Burkov's contribution is to lay out the entire lifecycle in the order it must actually be executed, with decision frameworks for each phase. The book's influence shows up in:
- The widely-cited Cassie Kozyrkov foreword, which frames ML engineering as "decision intelligence"
- The adoption of its lifecycle structure by academic courses and industry training programs
- Its pairing with The Hundred-Page Machine Learning Book as the default two-book curriculum for ML practitioners
- The "read-first-pay-later" Leanpub model, which Burkov pioneered and which lowered the barrier to professional ML education
The book does not try to compete with Chip Huyen's Designing Machine Learning Systems (deeper on data and deployment) or with Géron's Hands-On Machine Learning (deeper on modeling with code). Its niche is breadth, brevity, and order: a single 310-page volume that walks a project from "should we use ML?" to "what do we do when the model breaks at 3 a.m.?"
Related Books
| Book | Author | Connection | |---|---|---| | The Hundred-Page Machine Learning Book | Andriy Burkov | The modeling companion — the what of ML, condensed | | Designing Machine Learning Systems | Chip Huyen | Deeper treatment of data engineering, deployment, and MLOps | | Hands-On Machine Learning with Scikit-Learn, Keras, and TensorFlow | Aurélien Géron | The code-first ML tutorial that complements this engineering overview | | Reliable Machine Learning | Todd Underwood | Goes deeper on the reliability and monitoring chapters | | Building Machine Learning Pipelines | Hapke & Nelson | Hands-on TFX and Kubeflow for the production phase | | Machine Learning Engineering in Action | Ben Wilson | A longer, code-heavy alternative for the production-phase chapters |
Final Verdict
Machine Learning Engineering is the book you hand to a strong ML practitioner who is about to ship their first model to production — or to a senior engineer who needs to understand why ML systems behave differently from any other software system. It will not teach you to code a neural network. It will teach you whether you should, what to do before you do, and what to do when it breaks.

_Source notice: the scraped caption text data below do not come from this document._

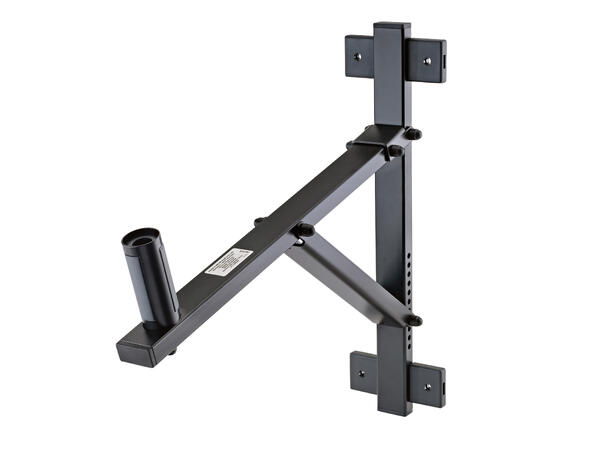 K&M 24110 Høyttaler Veggstativ WLL 50kg, Vekt: 2.7kg.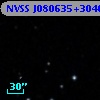 NVSS J080635+304610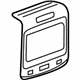 GM 22840152 DVD Unit, Driver Side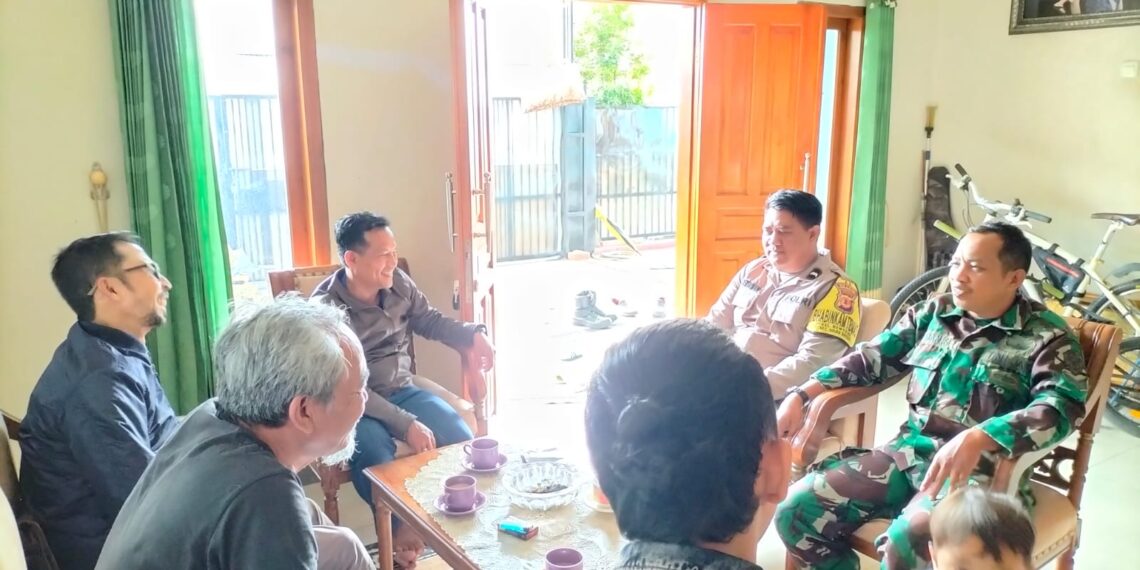 Sampaikan Imbauan Kamtibmas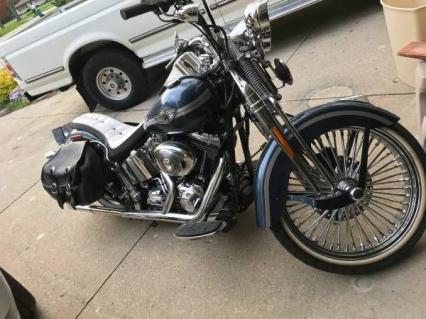 2003 Harley Davidson Softail Heritage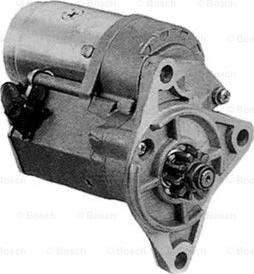 BOSCH F 042 000 017 - Starter autospares.lv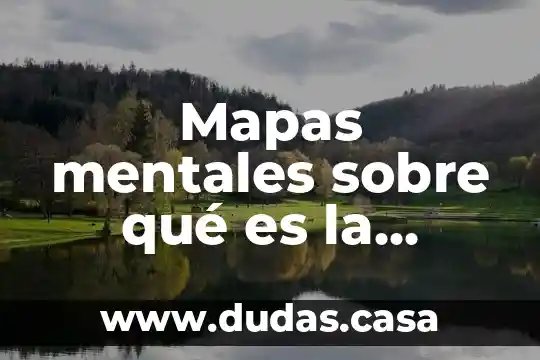 Mapas mentales sobre qué es la historia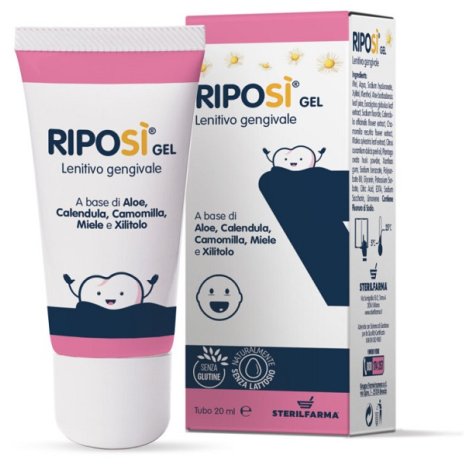 RIPOSI'GEL GENGIVALE 20ML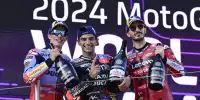 Marc Marquez, Jorge Martin, Francesco Bagnaia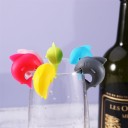 Marque sur le verre requin 6 pcs 3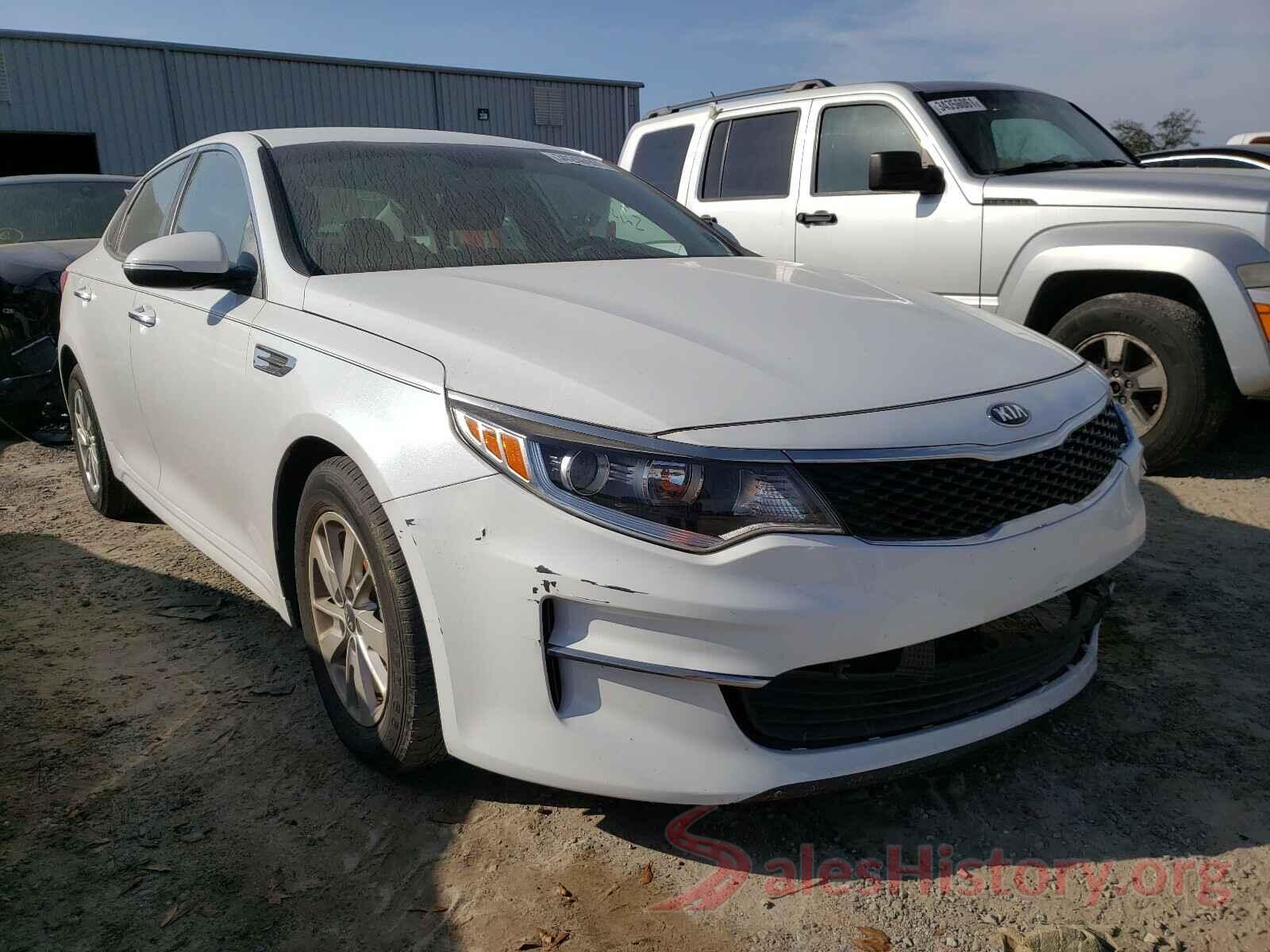 5XXGT4L35GG067348 2016 KIA OPTIMA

The book's greatest strength is its ordering. The greatest weakness, by design, is its breadth — a reviewer wanting deep treatment of feature stores, canary deployments, or drift detection will need a supplementary text. Read it for the map; read Huyen for the territory.
Rating: 8/10 — The best concise end-to-end guide to ML engineering, and the natural second book after Burkov's own Hundred-Page Machine Learning Book.
content map
The ML Project Lifecycle
The book's organizing idea is the lifecycle: a successful ML project must execute the phases in a specific order, and skipping or reordering them is the most common cause of failure.
flowchart TD
A["1. Problem Framing<br/>(Should we use ML?)"] --> B["2. Domain & Objectives<br/>(What does success look like?)"]
B --> C["3. Data Engineering<br/>& Analysis"]
C --> D["4. Prototype Phase<br/>ML Engineering"]
D --> E["5. Statistics<br/>(Is it actually better?)"]
E --> F["6. Production Phase<br/>ML Engineering"]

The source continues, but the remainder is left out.